L’emmerdeur Terry Gilliam publie ses mémoires

« La politique est le show-business des moches »

La lecture de son livre est un délice : s’y côtoient des illustrations, des graffitis, des collages, des photos et une autoanalyse sans concession. Il prétend être devenu cinéaste «pour acquérir les profondes blessures émotionnelles et spirituelles dont [s]on enfance outrageusement heureuse [l]’a si cruellement privé».

Gamin, il donnait un coup de main aux cirques de passage, faisait des parties de cartes avec les nains, apprenait des tours de magie, jouait du cor d’harmonie en rêvant d’Elvis Presley, communiquait en morse, et se persuada assez vite, en regardant Nixon, que «la politique est le show-business des moches». Son éducation sexuelle fut élémentaire: il fit la cour à sa première fiancée en se déguisant en prise électrique mâle, puis il se mit à lire Dostoïevski, et tout se gâta. Il devint romantique.

Le « barbare » des Monty Python

Monté à New York, Terry Gilliam réalisa des romans-photos avec un acteur débutant, Woody Allen, fit travailler Robert Crumb dans une revue, exécuta des dessins pour Goscinny dans «Pilote», et fut révulsé par la «bêtise absolue et hypocrite de la guerre du Vietnam». Son divorce avec les Etats- Unis a débuté là : Terry Gilliam, depuis plus de trente ans, est devenu anglais, rebuté par les âneries des présidents américains successifs.

Adopté par la bande des Monty Python, il a mis en oeuvre leur philosophie, «faire rire le commun des mortels avec des trucs complètement idiots». Dans le groupe, il fut le «barbare» et eux, les «êtres supérieurs». D’où le tournage bizarre de son premier film, «Sacré Graal» (1975): «On avait repéré un mouton mort au bord de la route alors que nous en cherchions un pour le balancer du haut des remparts. Mais tout le monde s’était mis à vomir…» Ambiance.
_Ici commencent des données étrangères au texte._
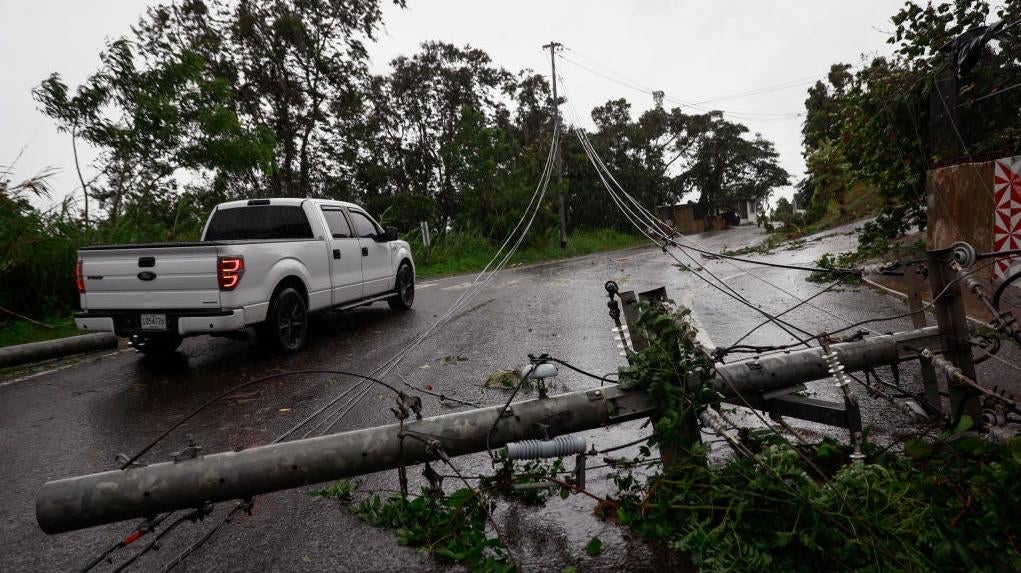 Downed power lines on road PR-743 in Cayey as the island awoke to a general power outage on September 19, 2022 in San Juan, Puerto Rico.  (Photo: Jose Jimenez, Getty Images)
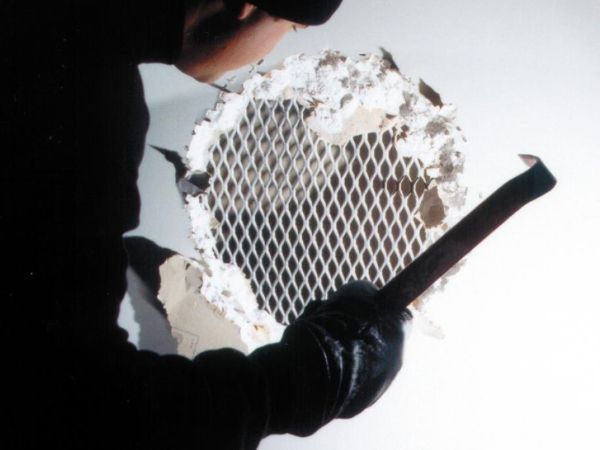 A man in black cut a hole on the wall and show the expanded metal inside the wall.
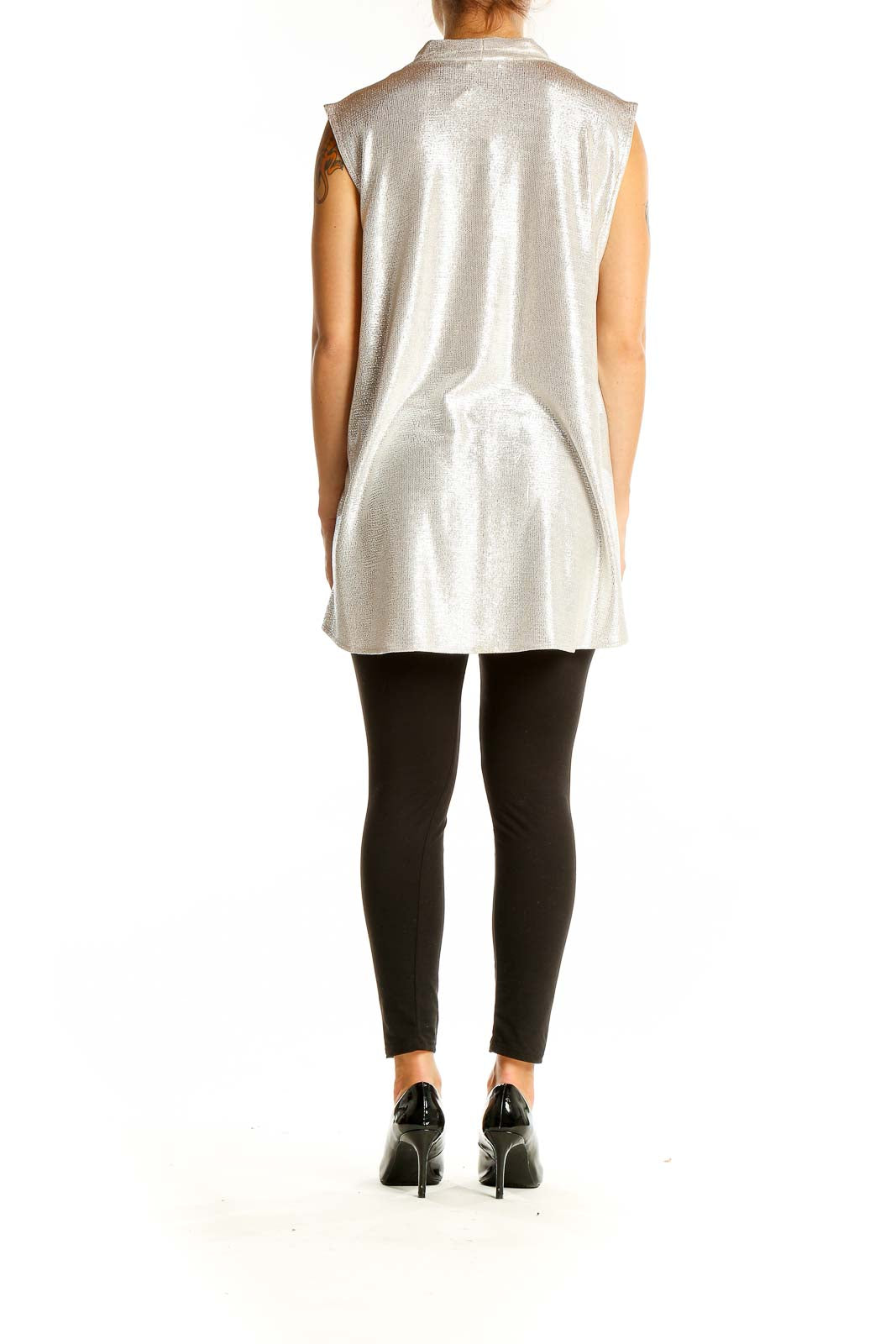 Back view of Calvin Klein silver sleeveless blouse showing drape and length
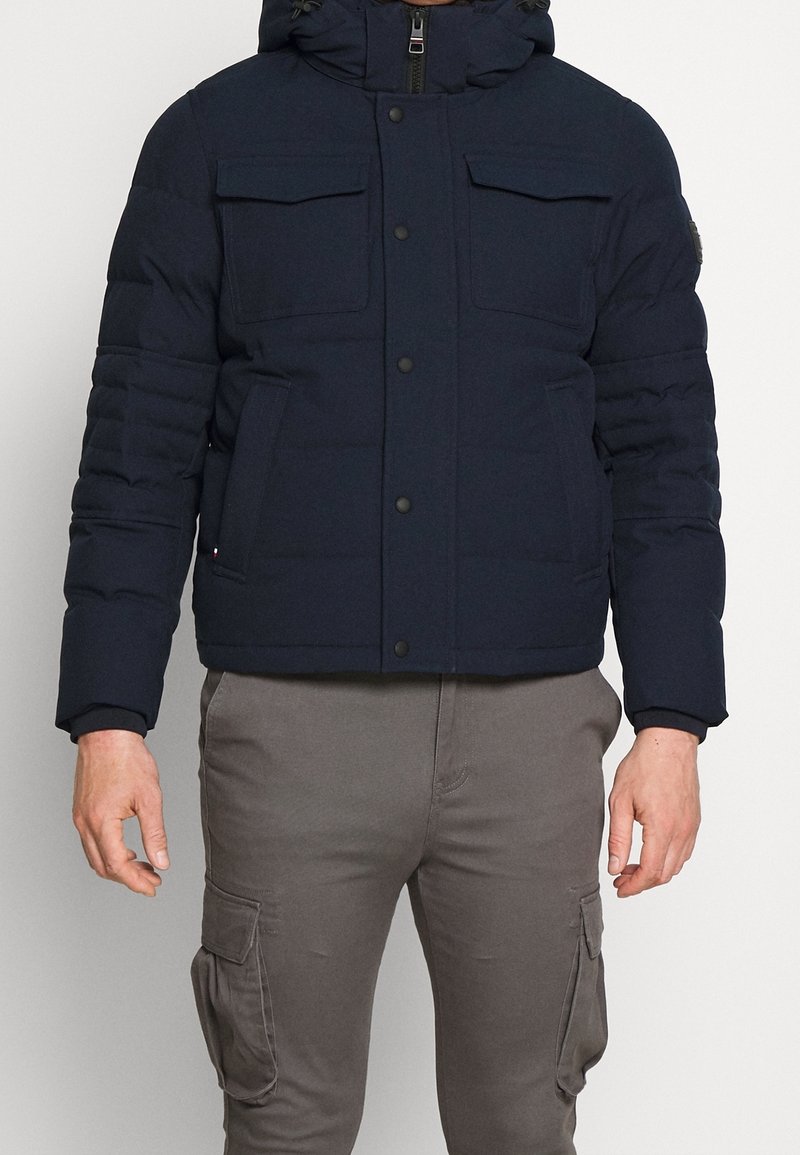 Granatowa kurtka puchowa z kapturem, dwoma kieszeniami na piersi oraz elastycznymi mankietami. Zapięcie na suwak i pikowany wzór. Luźny krój, na co dzień.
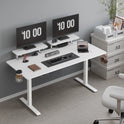 A 63-inch white Standing Desk w/ 2 Adjustable Monitor Shelves Electric Stand Up Desk features dual monitors showing “10:00,” keyboard, mouse, laptop, camera, plants, and office supplies. White drawers labeled 32 and a chair sit on light gray carpet nearby.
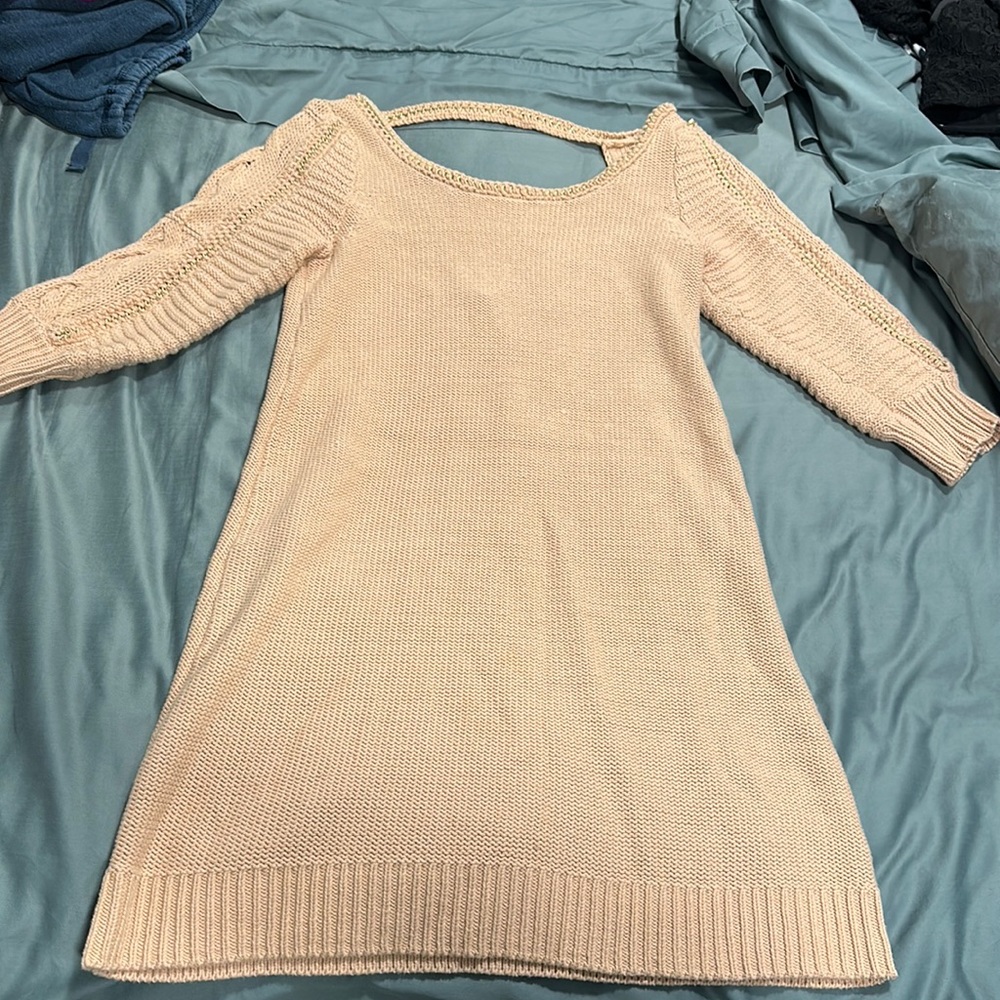 Lauren Conrad light pink with gold accent sweater dress. Scoop open back
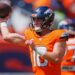 Denver Broncos quarterback throwing a football.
On connaît la suite : « la Vie de Brian » (1979), épopée biblique kitsch signée par un autre Monty Python, Terry Jones, parti d’une idée simple: «Jésus-Christ : la soif de gloire». A sa sortie, le film rassembla catholiques, protestants et juifs contre cette oeuvre «sacrilège».

Dans la tête de Terry Gilliam

« Brazil » (1985) fut un mélange des contes de Grimm et des errances de Kafka, qui provoqua l’ire des producteurs (ils exigèrent des coupes. Réponse de Gilliam : «Allez vous faire foutre !»).

«Les Aventures du baron de Münchhausen» (1988) débutèrent avec la volonté d’engager Marlon Brando. Celui-ci vint au rendez-vous, toucha ses orteils et repartit. Pendant le tournage, les costumes s’égarèrent quelque part en Afrique du Sud, alors que l’équipe était à Cinecittà… Dès lors, Terry Gilliam prit conscience de son statut artistique : «clairement un emmerdeur».

« L’Armée des douze singes » (1995) fut un cauchemar; «Las Vegas Parano» (1998), une entreprise folle («comme attirer un coyote dans une cabine téléphonique») ; «Don Quichotte», une catastrophe grandiose; et «l’Imaginarium du Dr Parnassus» (2009), une débâcle due à la mort de l’acteur principal. Scoumoune ? Non. Comme le dit Gilliam : «J’ai une incroyable aptitude à ne jamais faire les choses dans les règles de l’art.»

Ces « Mémoires » nous permettent d’être dans la tête de Terry Gilliam. Mais, comme il le souligne page 233 : «Merde ! C’est bien le dernier endroit où j’ai envie d’être.»

François Forestier

Gilliamesque. Mémoires pré-posthumes,

par Terry Gilliam,

traduit de l’anglais par Julie Sibony,

Sonatine, 352 p., 25 euros.

Paru dans « L’Obs » du 5 novembre 2015.